At the same time, moving water from one part of Earth to another can affect the planet’s rotation around its axis. Earth spins on an imaginary line between the North and South poles, but the exact position of the line isn’t fixed. The points where Earth’s axis of rotation meets Earth’s surface wobbles and drifts a few meters each year – called polar motion. (These changes aren’t noticeable to people but is perceptible by GPS systems on phones.)
Previously, Famiglietti and his same colleagues found removing groundwater shifted Earth’s tilt 31.5 inches eastward.
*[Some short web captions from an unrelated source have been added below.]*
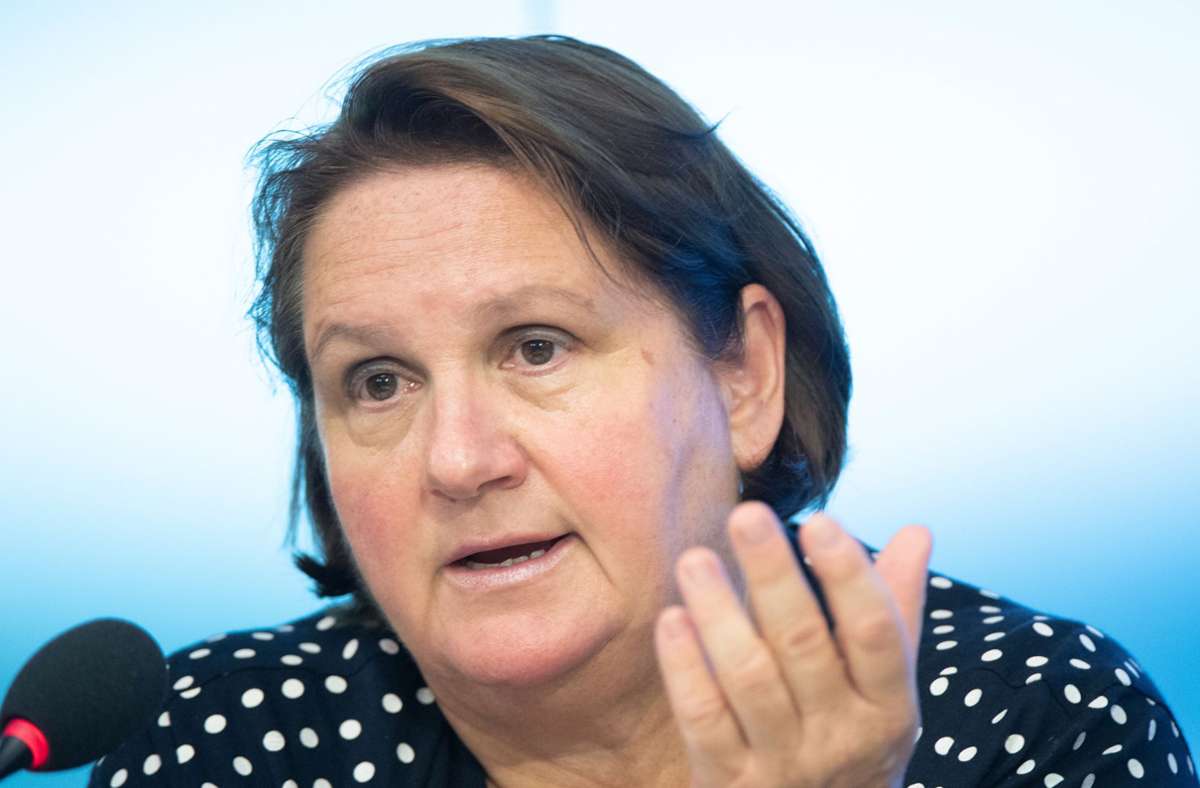 Kultusministerin Theresa Schopper hat strengere Regeln angekündigt (Archivfoto). Foto: dpa/Bernd Weißbrod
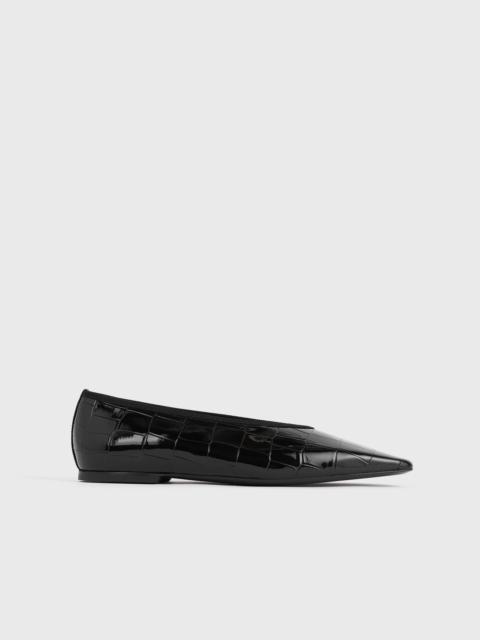 Minimalist croco-embossed ballerinas black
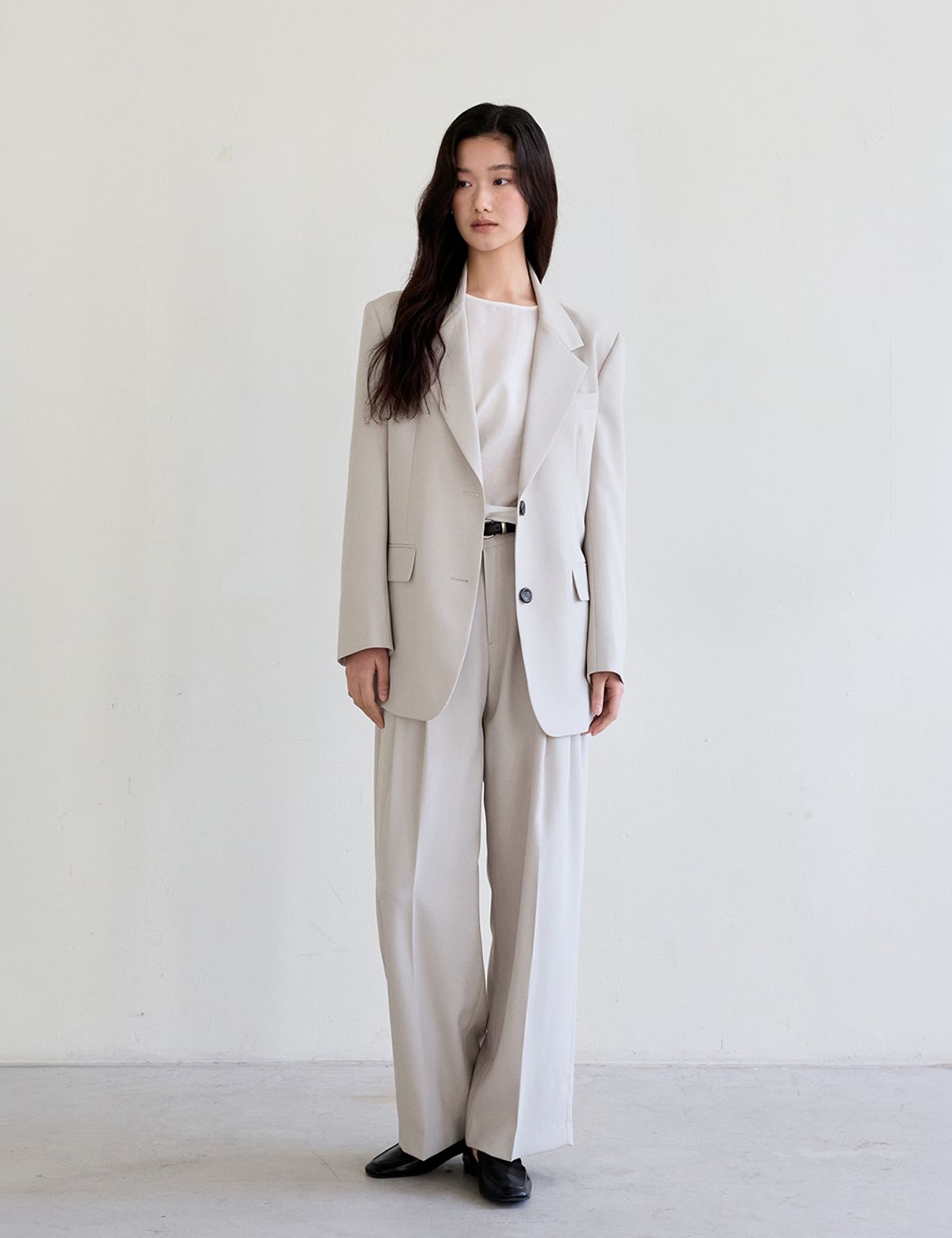 더엘로(THEELO) 클래식 핀턱 슬랙스 (Beige)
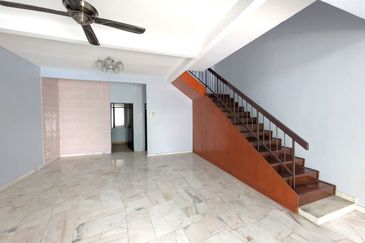 Taman Saujana Puchong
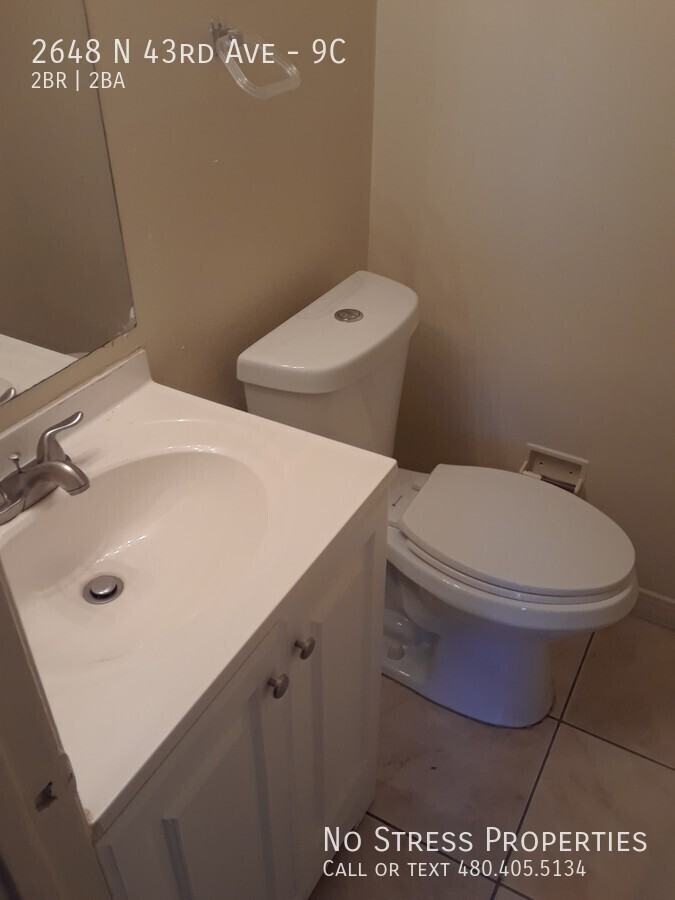 2648 N 43rd Ave #9C - Photo 4 of 9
In the new study, the team also found polar motion underwent observable changes from global groundwater loss from 1993 to 2010.
Samaniego said the new study validates a long-term trend of Earth’s water cycle seen in models with not just one, but three completely independent global datasets – “an impressive scientific feat.”
These declines have been seen on a regional level, but he said this is the first “conclusive” evidence of a global shift in water storage.
As of 2021, the team said soil moisture still has not recovered and likely won’t under the current climate conditions. Prolonged droughts, which are increasing in a warming world, will prevent soil moisture from bouncing back on the given course – at least in our lifetimes.
Soil moisture “that has left the soil layers and hasn’t been replenished for decades is unlikely to return to its original levels,” said Samaniego, a researcher at Helmholtz Centre for Environmental Research.
The conclusion, researchers say, is that societies must learn to practice smarter and sustainable water resource management.
“Climate change is not only about rising temperatures, but also about long-term impacts on water availability – affecting agriculture, ecosystems and societies alike,” Samaniego said.